For vice repeated is like the wandering wind.
Blows dust in other’s eyes, to spread itself;
And yet the end of all is bought thus dear,
The breath is gone, and the sore eyes see clear:
To stop the air would hurt them. The blind mole casts
Copp’d hills towards heaven, to tell the earth is throng’d
By man’s oppression; and the poor worm doth die for’t.
Kings are earth’s gods; in vice their law’s
their will;
And if Jove stray, who dares say Jove doth ill?
It is enough you know; and it is fit,
What being more known grows worse, to smother it.
All love the womb that their first being bred,
Then give my tongue like leave to love my head.

Antiochus says, in an aside: “Heaven that I had his head!” [I:i].

So: If Pericles correctly explicates the riddle, he will be killed; if he does not correctly explicates the riddle, he will also be killed.

The Father is a mendacious, unfair, unjust, dangerous, “sinful” father, since any man who solves the riddle incorrectly is decapitated AND any man who solves the riddle correctly is decapitated.

If a suitor guesses the meaning of the riddle, the effect will be decapitation.

If a suitor does not guess the meaning of the riddle, the effect will be decapitation.

There will be decapitation—that is to say, emasculation—either way.

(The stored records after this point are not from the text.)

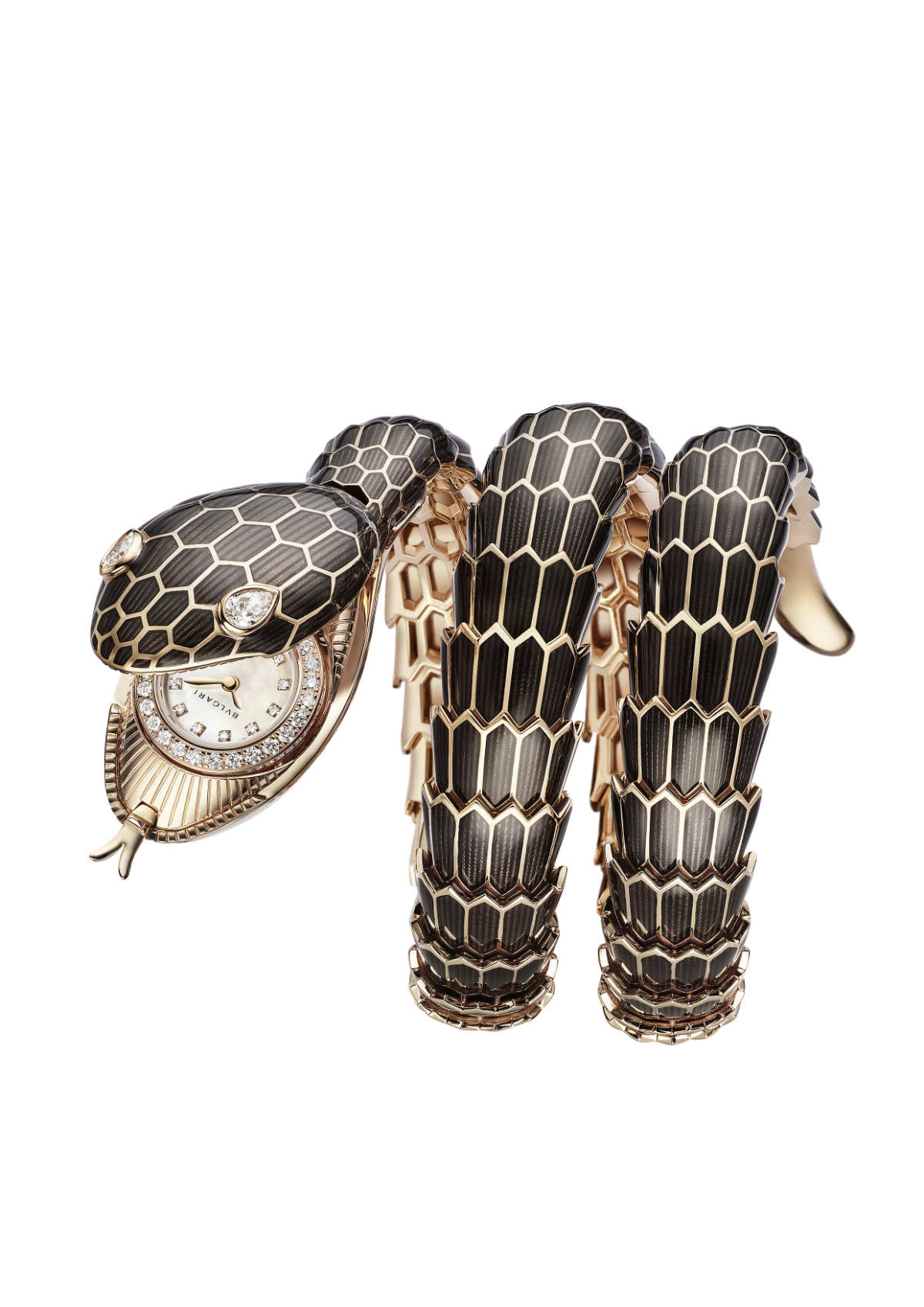 Bulgari's High Jewellery Secret Watches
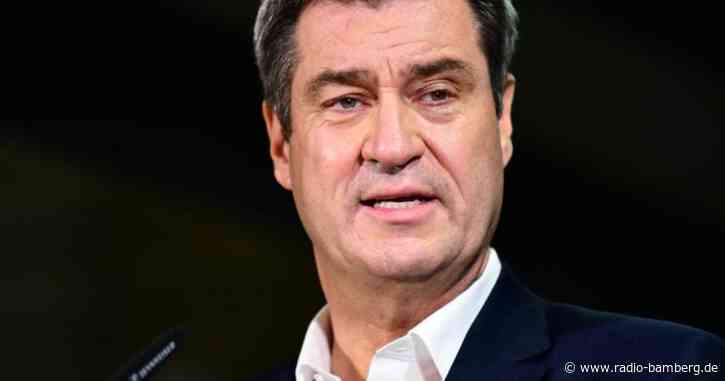 Söder: Abschneiden von Rot-Grün-Rot Misstrauen für Scholz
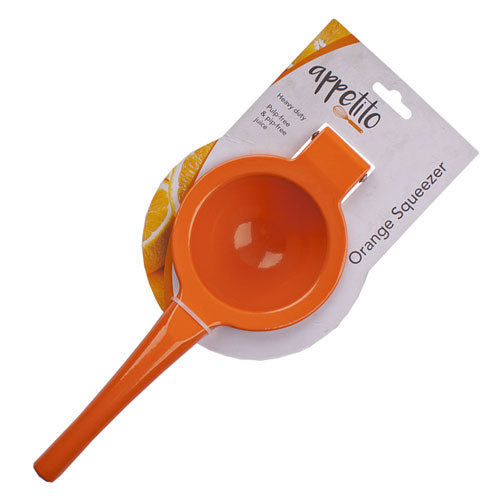 Appetito Orange Squeezer (Orange)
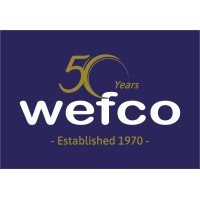 Wefco logo, Wefco contact details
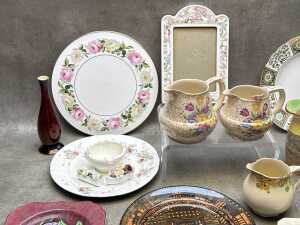 Assorted porcelain and ceramics, mainly English - 2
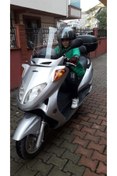 Resim MOTOCAM Dorado Sandor Ön Cam şeffaf Renkli 4mm 37cm 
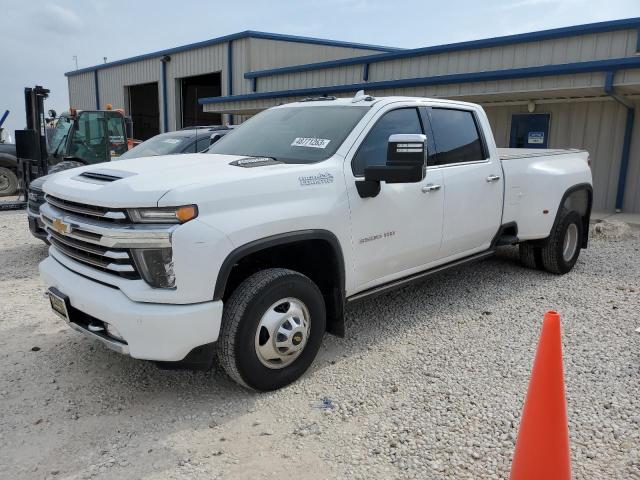 Image 1 of 2022 CHEVROLET SILVERADO K3500 HIGH COUNTRY 2022 with VIN 1GC4YVEY3NF217990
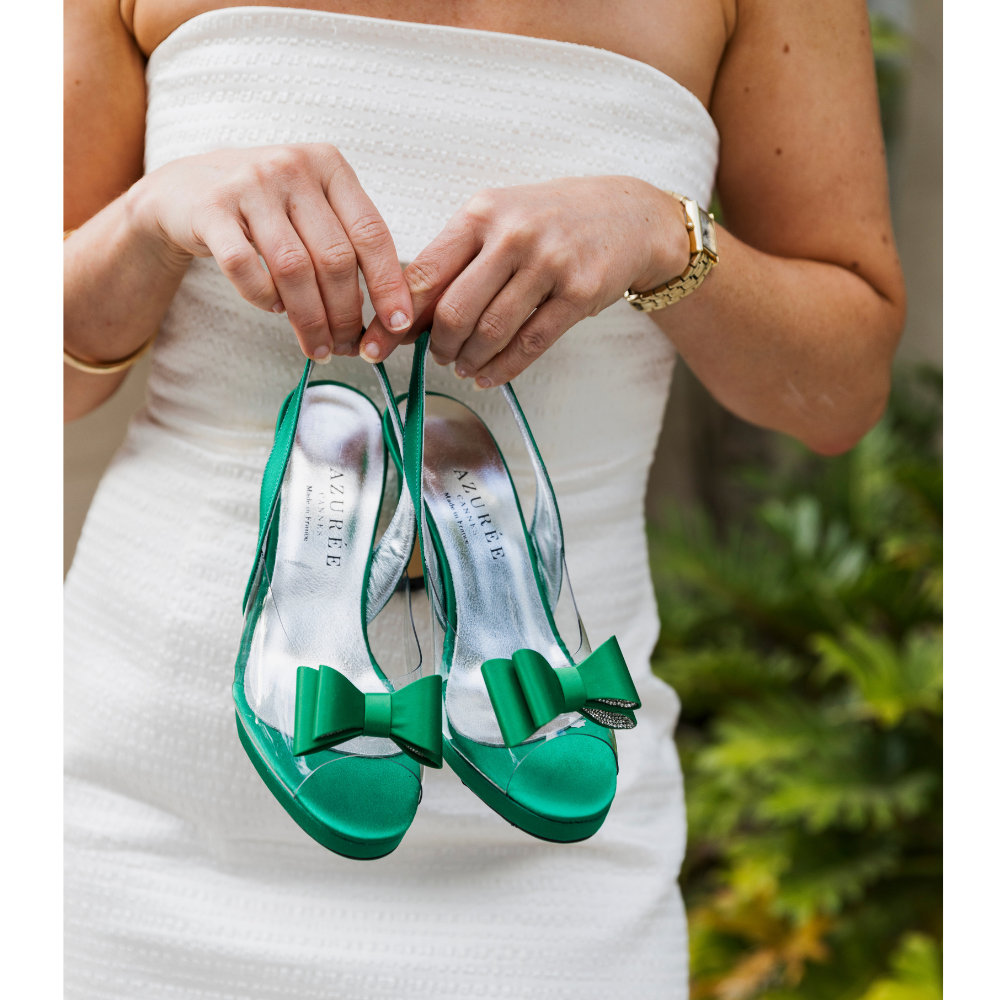 AZUREE / MONY - emerald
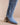 Mi.iM Talia Fringe Knee High Western Boots blue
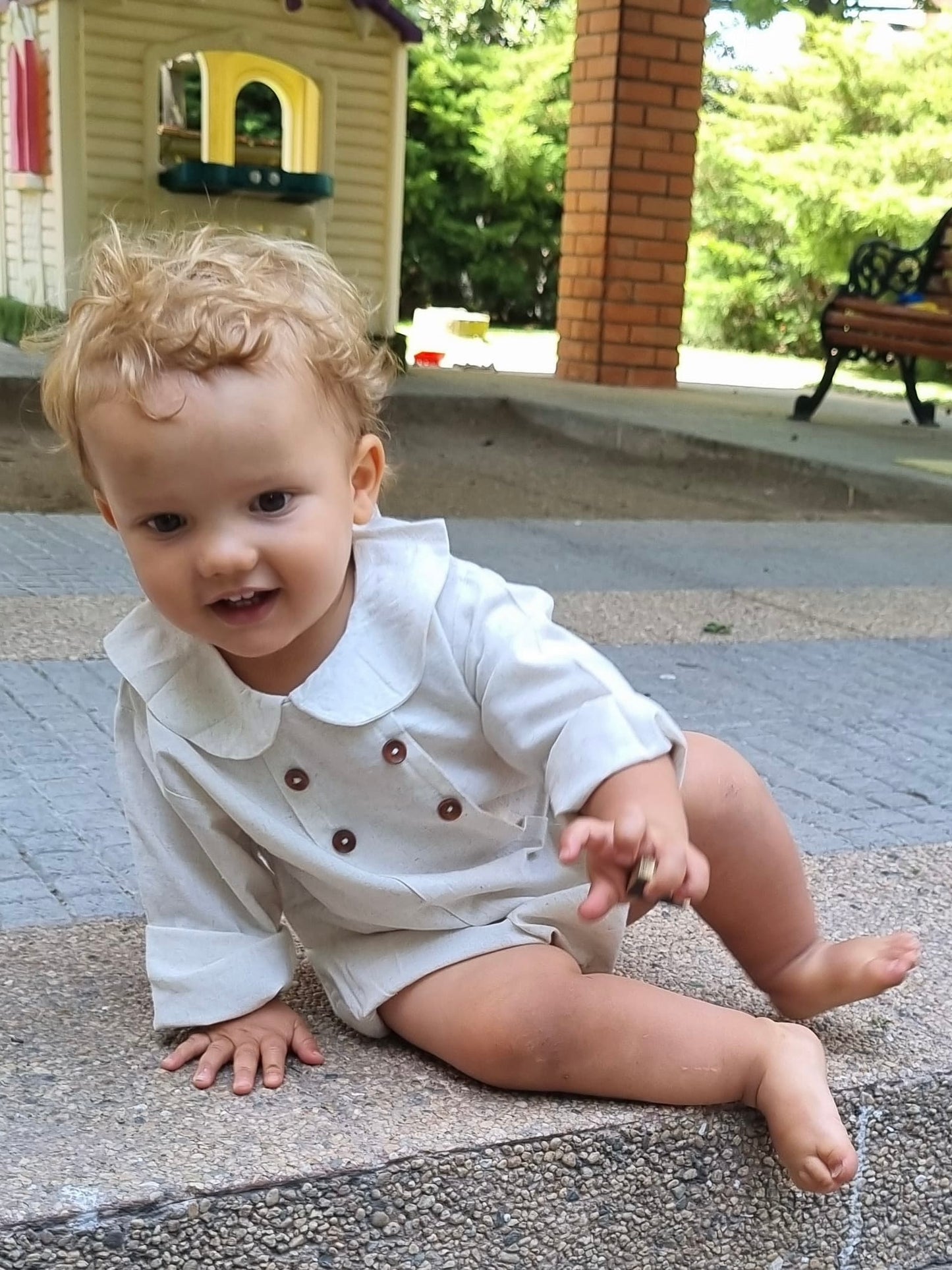Romper Bear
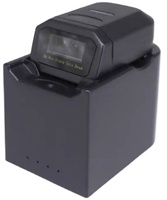 Symcode MJ-R38 Mini lecteur de codes à barres sans fil avec anneau de doigt Scanner 650nm Visible Laser USB 0.1mm(4mil) avec source de lumière CCD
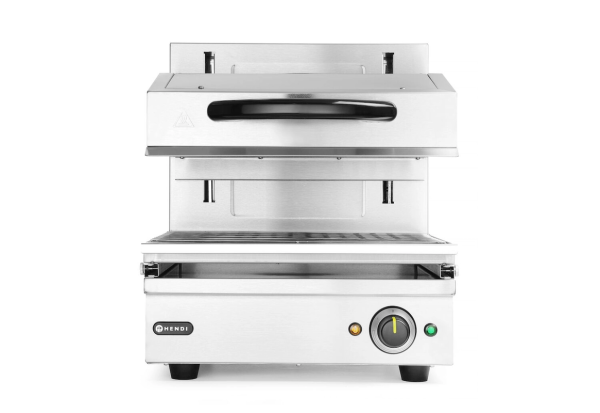 Гриль Salamander 450, HENDI, 230V/2800W, 485x525x(H)537mm 264607 Hendi Stainless steel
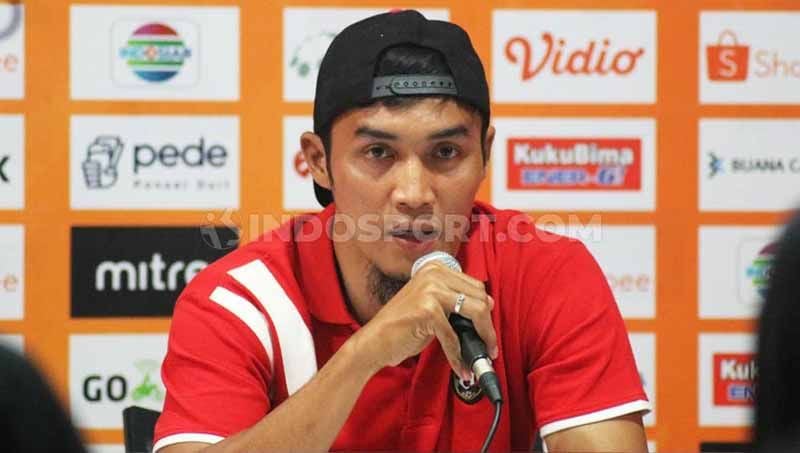 Bek Bali United, Gunawan Dwi Cahyo, dengan bijak menyikapi nasib kelanjutan kompetisi Liga 1 2020. Copyright: © Nofik Lukman Hakim/INDOSPORT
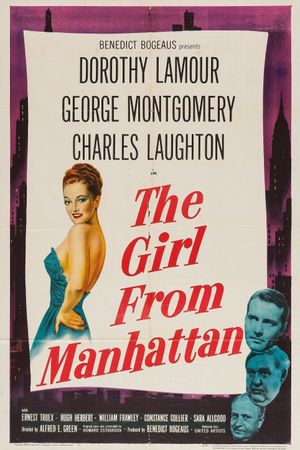 The Girl from Manhattan's poster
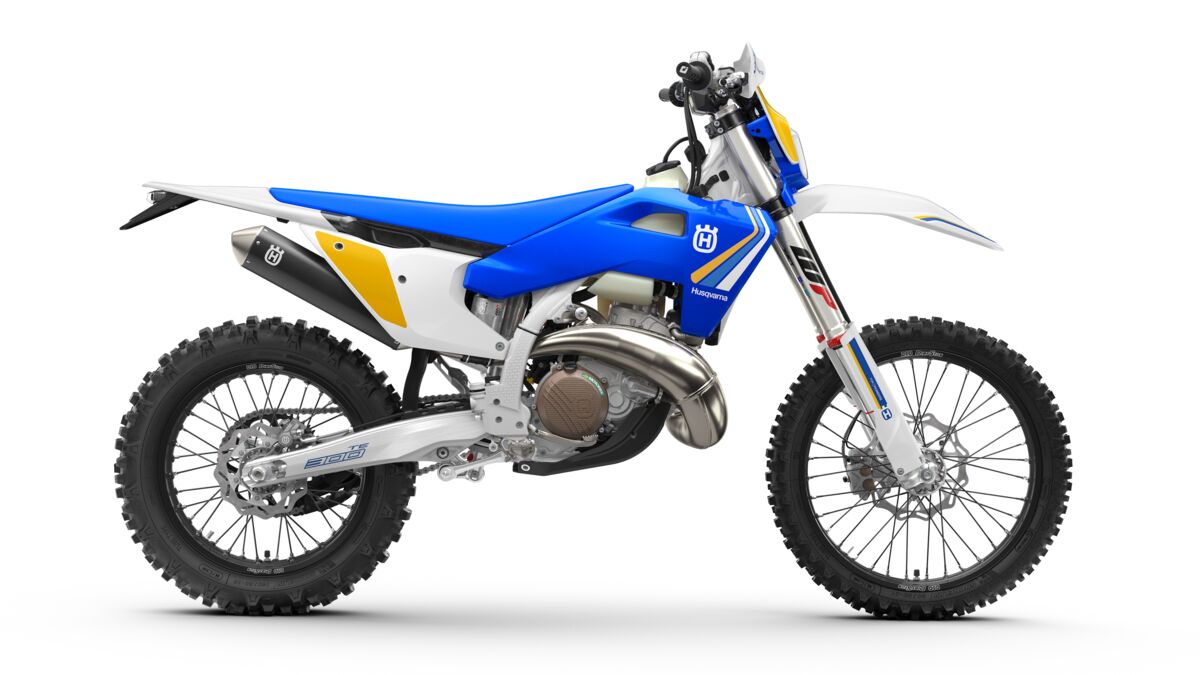 Husqvarna TE300 Heritage 2025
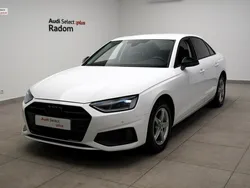 Biały Używany 2022 Audi A4 Ambiente Sedan/Limuzyna | 119 980 zł (Drogi)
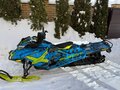 2018 BRP Ski-Doo Summit 850, синий, 999999 рублей - вид 9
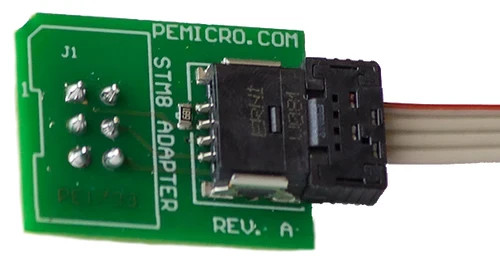 Pemicro cufx stm8 - pemicro, cu-cufx-stm8-adpt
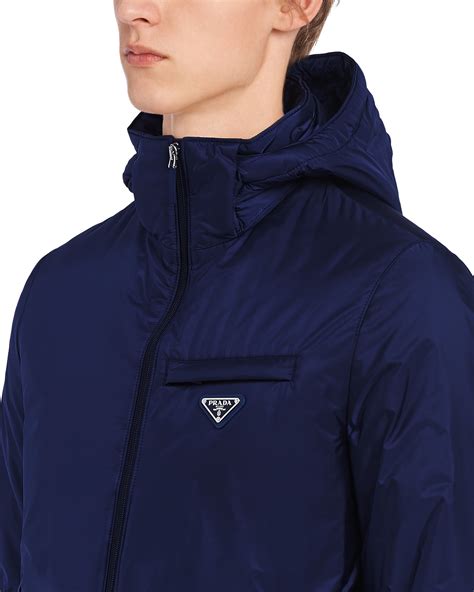 prada reversible down jacket|prada re nylon puffer jacket.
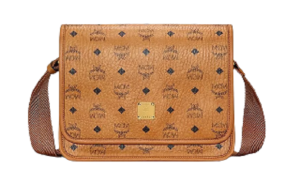 Túi MCM Small Klassik Messenger Bag In Visetos 'Cognac' MMMAAKC03CO001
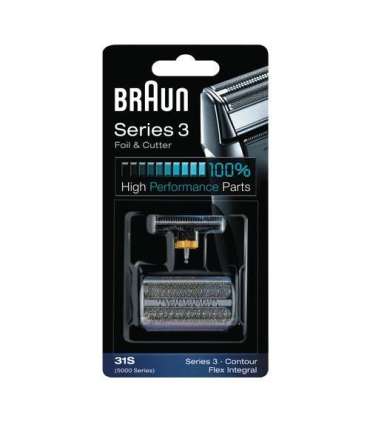 Braun Foil and Cutter replacement pack 31S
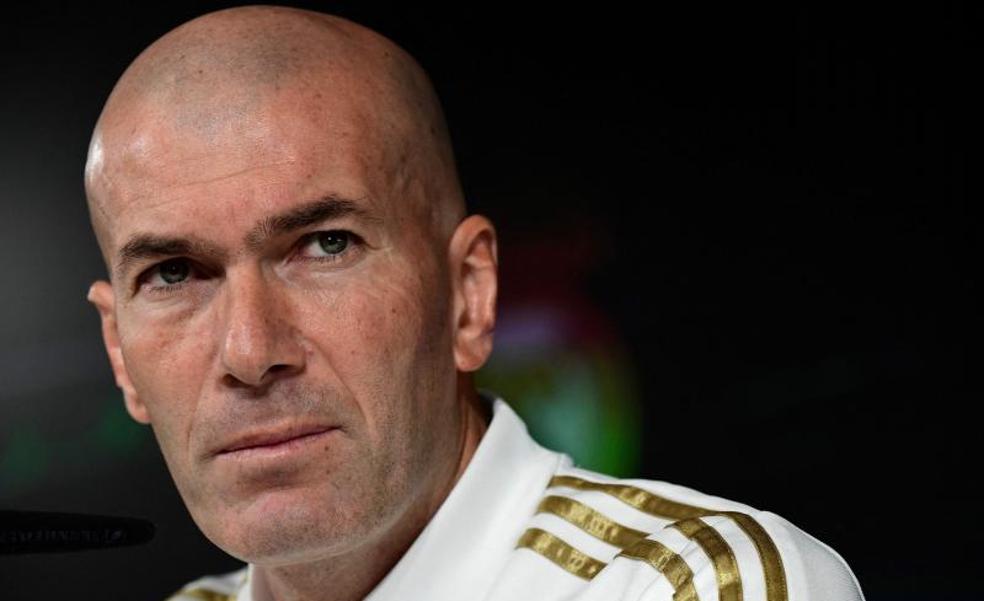 Zidane responsabiliza a Florentino Pérez de su segundo adiós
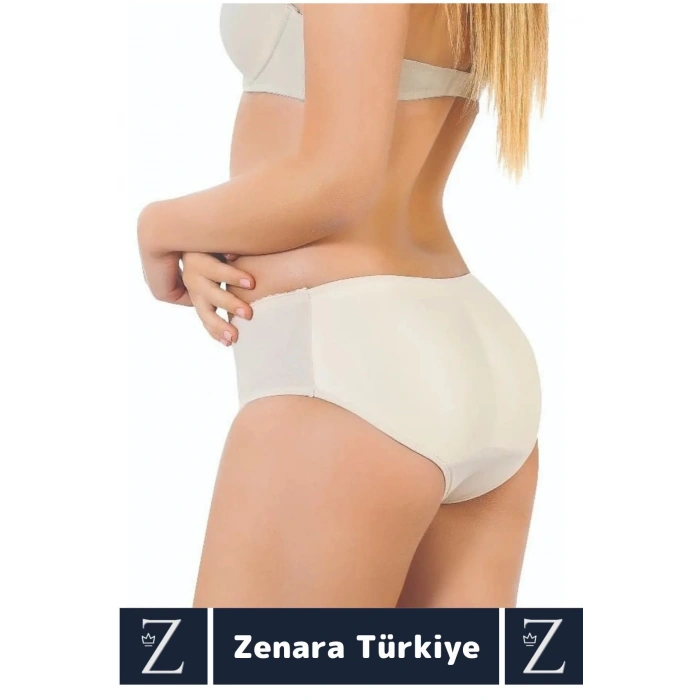 Özel Üretim İz İç Göstermez PUSH UP Kaymaz Popo Kaldıran Şekillendiren Destekleyici Dolgulu Korse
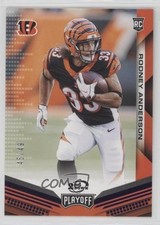 2019 Panini Playoff Rookies 2nd Down 45/49 Rodney Anderson #272 u6m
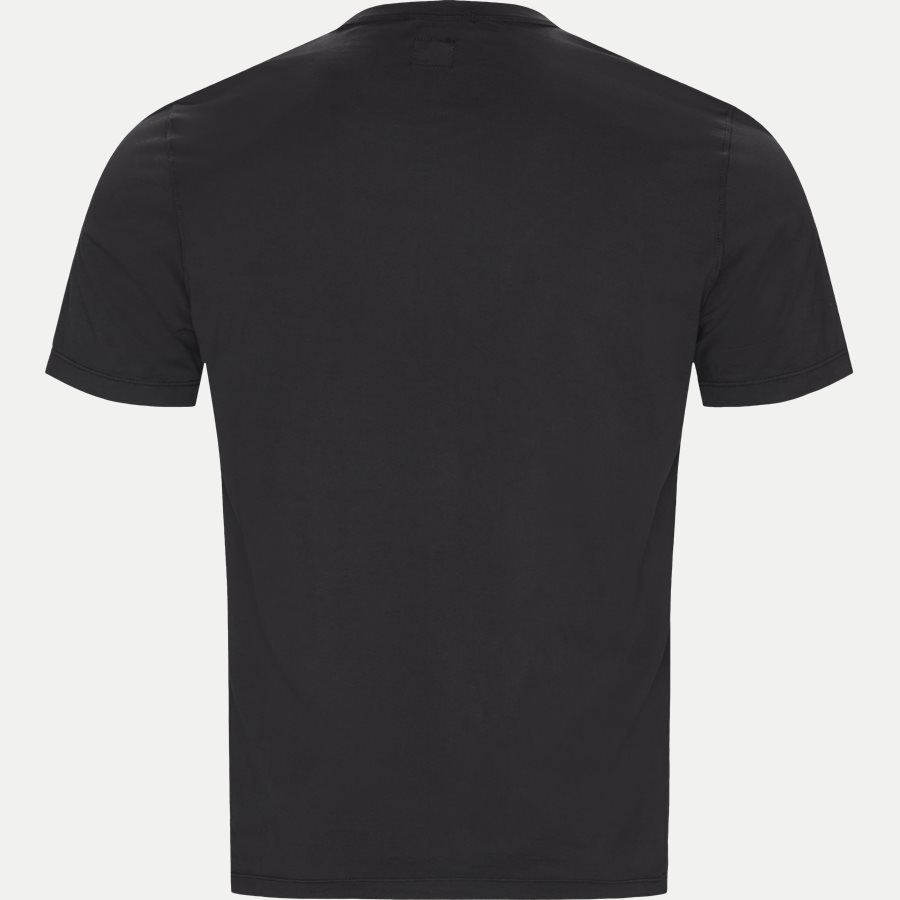 TS054A 000444G - Mako Jersey Crew Neck T-shirt - T-shirts - Regular - SORT - 2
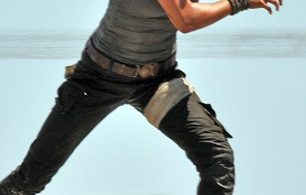 Primeiras imagens de Alicia Vikander como Lara Croft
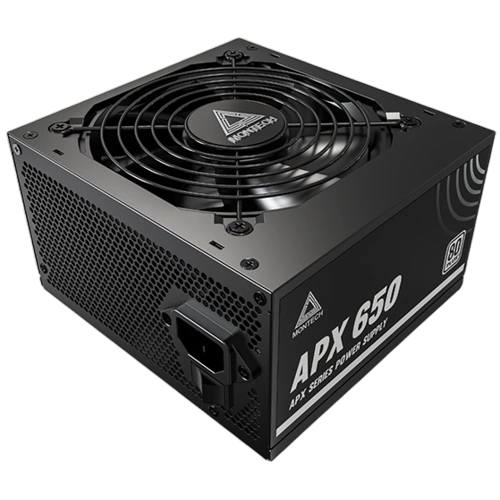 Блок питания Montech 650W APX Black (XWYA11-650W)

Pericles imperils himself by showing without showing that he comprehends the perverse character of King Antiochus’ relationship with his daughter.

Incest is unmentionable, unspeakable, unutterable and must remain unspoken before the King. Some things are too dreadful to be brought into utterance, some things are too dreadful to be vocalized in the presence of majesty. And yet the word does appear elsewhere in the text.

Pericles solves the riddle, much as Oedipus does, further fortifying the incestuous love triangle.

In Act One: Scene One, Pericles describes the Daughter in the following way (talking to himself silently, while apostrophizing her in his head): “You are a fair viol…” Now, a viol is a stringed musical instrument, and one can hear the resonances of the word “vial” within—for the Daughter is like a receptacle, a vial that allegedly contains vileness. But V-I-O-L are contained in the word “violation,” as well.

The Daughter is violated. She is forced into an incestuous relationship with her father, a relationship for which Pericles and the Chorus nonetheless blame her.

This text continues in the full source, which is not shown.